Porous materials are used in a wide range of real-world applications, from carbon capture to soil drainage to filtration. Any coating on such a material changes its surface — often intentionally, to increase the available surface area for a chemical reaction, or to add a layer of filtration — but this process also creates additional micropores.
Hamed Haddadi and David Heine modeled how the structure of a material with smaller micropores embedded within larger ones affects how the material dries and drains. Using a pore network — an abstraction of the complex geometry of interconnected pores atop pores — the researchers simplified the system into a set of balls, spheres, and sticks, allowing them to more easily study how a liquid flows through.

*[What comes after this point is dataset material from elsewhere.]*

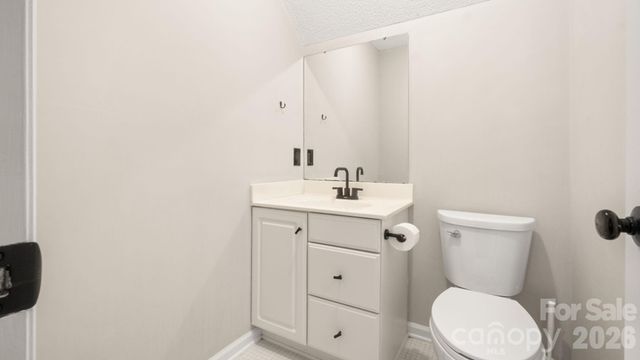 691 Carlton Drive, Gastonia, NC 28054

“We wanted to see which pore hierarchy is the primary reservoir of the fluid, because it guides our understanding of chemical reactions,” said Haddadi.
They found the smaller pores act as a reservoir, changing the way liquid generally spreads through a porous material. Therefore, the micropores created by coating processes can lead to drastic changes in the material’s functionality that must be considered.
“We need to strike a balance between the strength of the overall material and the available surface area, so we can’t just do a completely fine pore structure throughout,” said Heine. “We need to have a mixture of coarse pore structure to give it sufficient strength and fine pore structure to provide the necessary surface area.”
Source: “Pore-scale simulation of liquid retention in stratified porous microstructures,” by Hamed Haddadi and David R. Heine, Physics of Fluids (2026). The article can be accessed at https://doi.org/10.1063/5.0311550 .